## WHAT TO DO
Would you return exactly the lines below from the line with "A happy, sunny" through the line with "Bride stands inside", both included, and nothing else, leaving out the pictures?

## THE DATA
==========

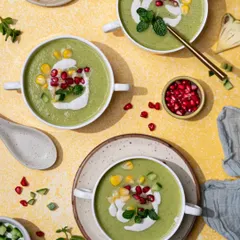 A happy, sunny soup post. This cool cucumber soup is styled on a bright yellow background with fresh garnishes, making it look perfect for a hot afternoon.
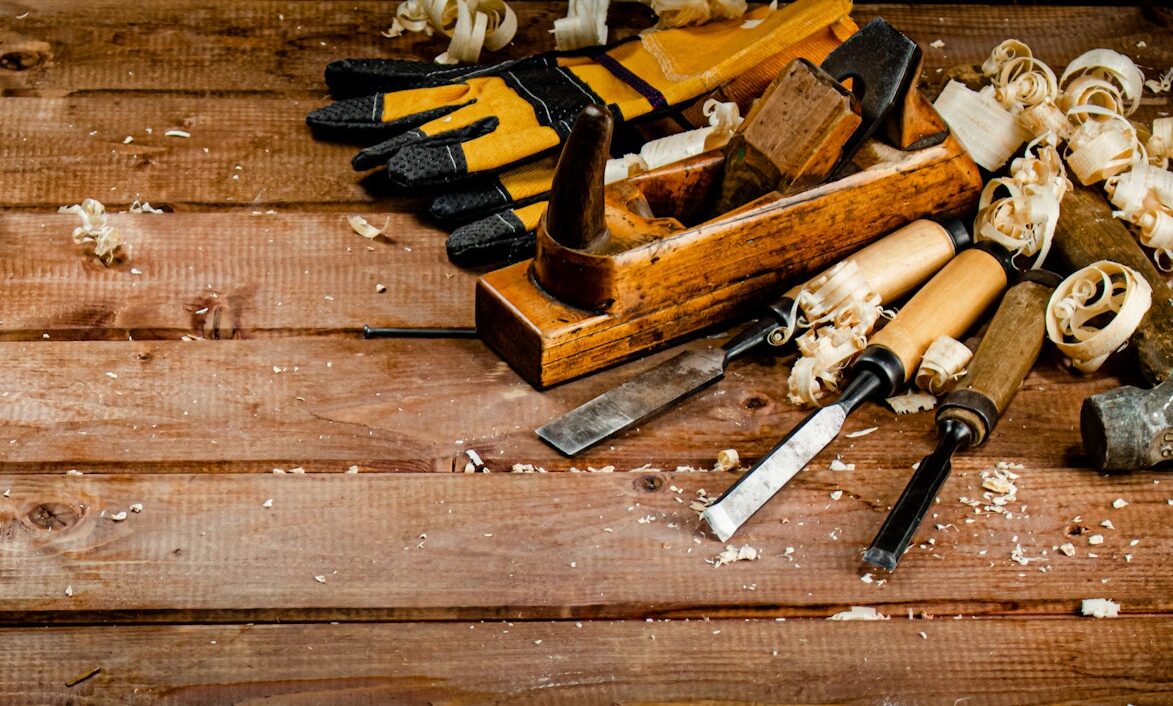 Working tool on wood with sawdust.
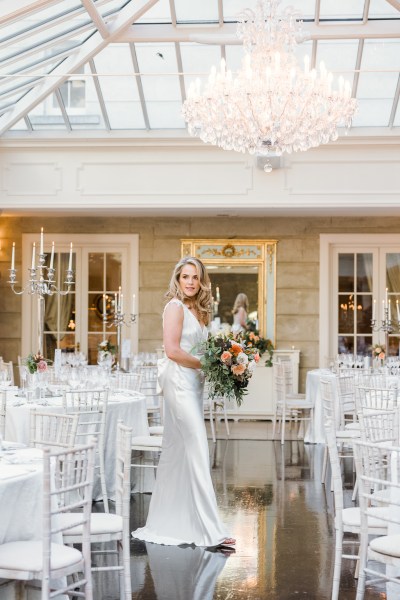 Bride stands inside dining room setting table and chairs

==========

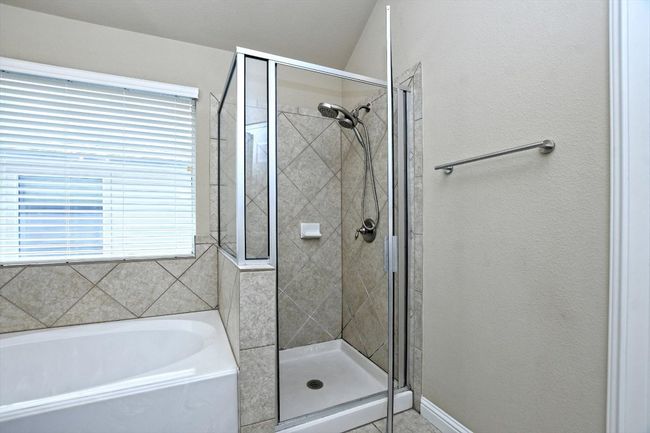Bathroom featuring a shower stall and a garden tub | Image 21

==========

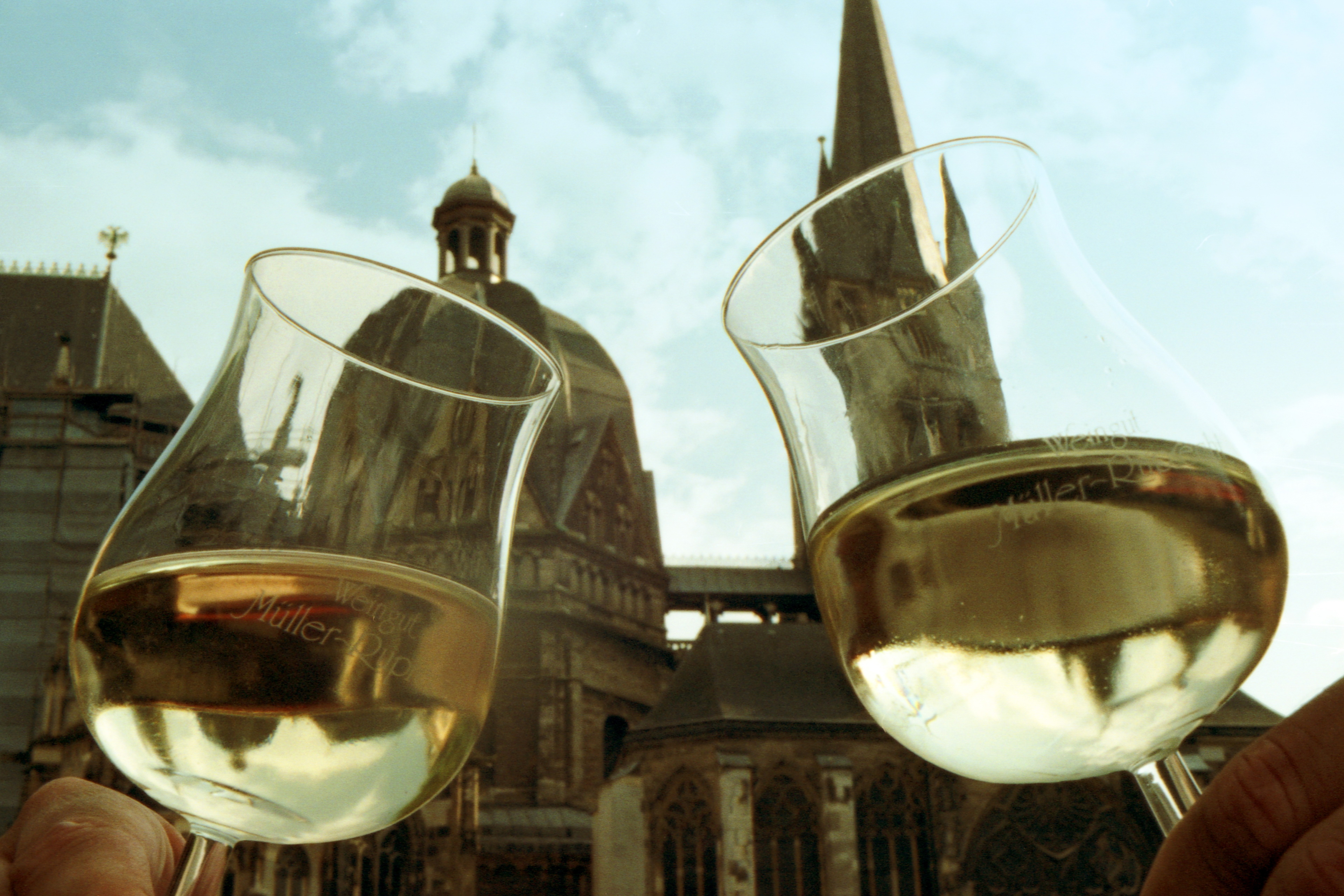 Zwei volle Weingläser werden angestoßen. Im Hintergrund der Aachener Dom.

==========

## REPLY TO THE TASK
 A happy, sunny soup post. This cool cucumber soup is styled on a bright yellow background with fresh garnishes, making it look perfect for a hot afternoon.
 Working tool on wood with sawdust.
 Bride stands inside dining room setting table and chairs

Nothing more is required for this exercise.